=== The data ===

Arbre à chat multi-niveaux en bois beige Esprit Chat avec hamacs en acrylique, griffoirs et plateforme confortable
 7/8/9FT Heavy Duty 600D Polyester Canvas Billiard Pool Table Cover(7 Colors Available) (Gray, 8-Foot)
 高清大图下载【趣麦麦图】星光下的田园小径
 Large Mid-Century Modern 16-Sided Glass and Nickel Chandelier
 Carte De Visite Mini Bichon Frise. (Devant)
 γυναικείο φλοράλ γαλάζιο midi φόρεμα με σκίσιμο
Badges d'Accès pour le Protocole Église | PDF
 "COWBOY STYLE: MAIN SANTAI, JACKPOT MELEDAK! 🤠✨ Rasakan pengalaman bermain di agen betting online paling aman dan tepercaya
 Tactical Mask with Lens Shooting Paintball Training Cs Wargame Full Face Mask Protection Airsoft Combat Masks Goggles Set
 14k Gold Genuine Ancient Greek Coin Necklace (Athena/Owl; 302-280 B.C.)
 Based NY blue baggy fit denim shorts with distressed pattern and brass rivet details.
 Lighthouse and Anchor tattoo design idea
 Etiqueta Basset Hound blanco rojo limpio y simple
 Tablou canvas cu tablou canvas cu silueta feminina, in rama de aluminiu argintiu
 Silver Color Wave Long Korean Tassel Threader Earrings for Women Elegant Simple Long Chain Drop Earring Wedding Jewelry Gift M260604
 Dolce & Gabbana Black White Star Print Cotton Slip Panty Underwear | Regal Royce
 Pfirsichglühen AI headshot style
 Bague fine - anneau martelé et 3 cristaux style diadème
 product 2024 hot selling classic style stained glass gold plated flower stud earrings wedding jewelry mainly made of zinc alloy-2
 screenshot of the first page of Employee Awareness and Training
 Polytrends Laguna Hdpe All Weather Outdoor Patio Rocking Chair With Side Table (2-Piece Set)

===

● Required work: Would you copy every line of the entries in which "Training" appears?

● Result of this exercise:
 Tactical Mask with Lens Shooting Paintball Training Cs Wargame Full Face Mask Protection Airsoft Combat Masks Goggles Set
 screenshot of the first page of Employee Awareness and Training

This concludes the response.